## AIM OF THE EXERCISE
All of the data that follows should be retyped exactly, please, except the pictures.

## SOURCE DATA
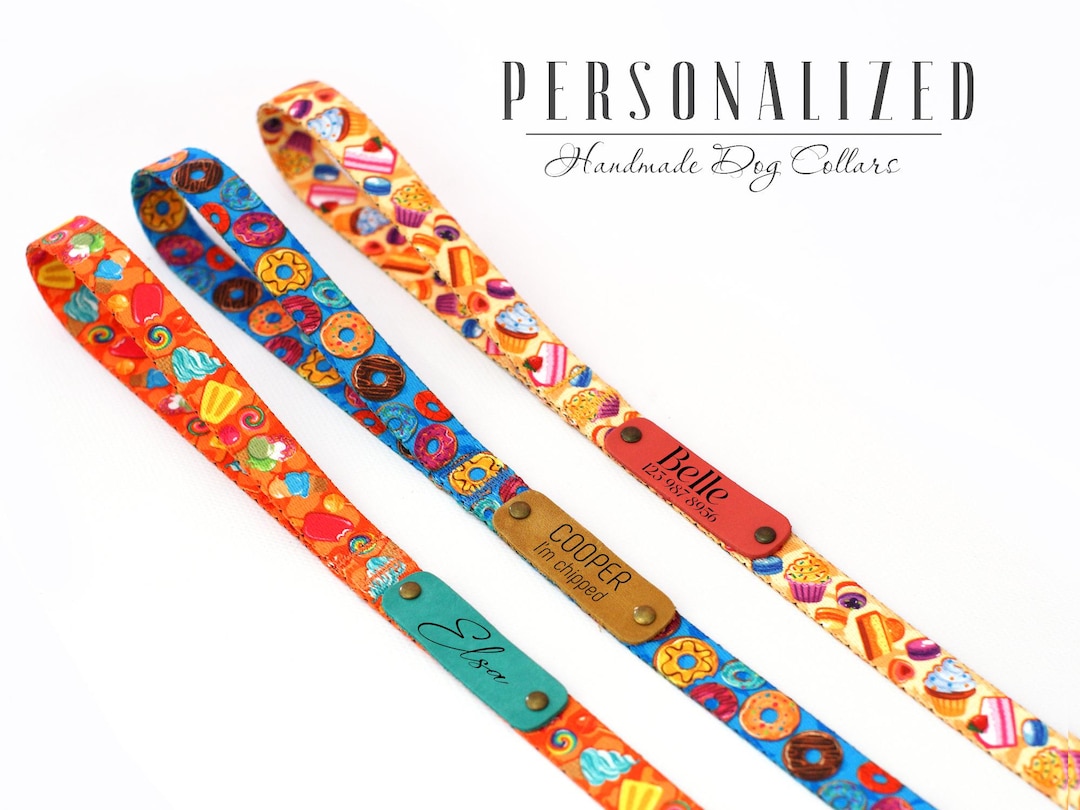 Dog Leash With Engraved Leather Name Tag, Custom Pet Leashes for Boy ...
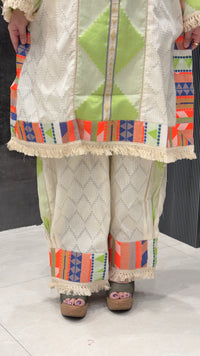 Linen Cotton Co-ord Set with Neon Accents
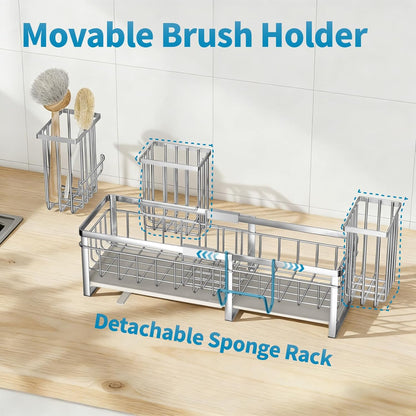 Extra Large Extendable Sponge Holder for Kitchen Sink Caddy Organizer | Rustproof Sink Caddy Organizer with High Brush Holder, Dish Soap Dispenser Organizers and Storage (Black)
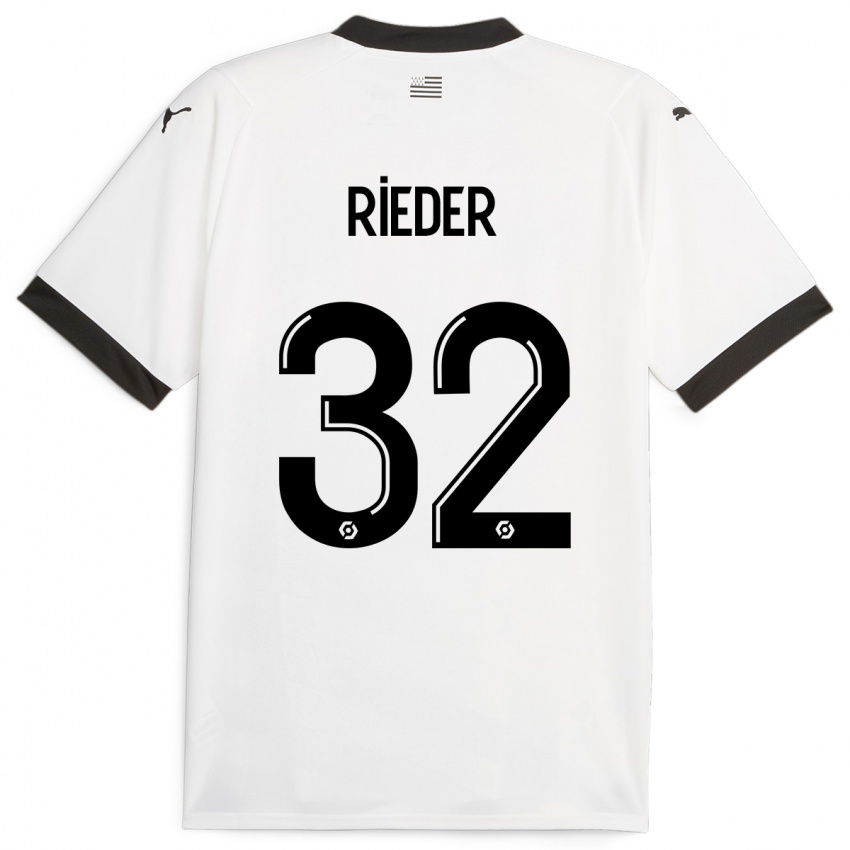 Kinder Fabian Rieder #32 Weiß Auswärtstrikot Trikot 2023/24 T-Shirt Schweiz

## EXERCISE ANSWER
 Dog Leash With Engraved Leather Name Tag, Custom Pet Leashes for Boy ...
 Linen Cotton Co-ord Set with Neon Accents
 Extra Large Extendable Sponge Holder for Kitchen Sink Caddy Organizer | Rustproof Sink Caddy Organizer with High Brush Holder, Dish Soap Dispenser Organizers and Storage (Black)
 Kinder Fabian Rieder #32 Weiß Auswärtstrikot Trikot 2023/24 T-Shirt Schweiz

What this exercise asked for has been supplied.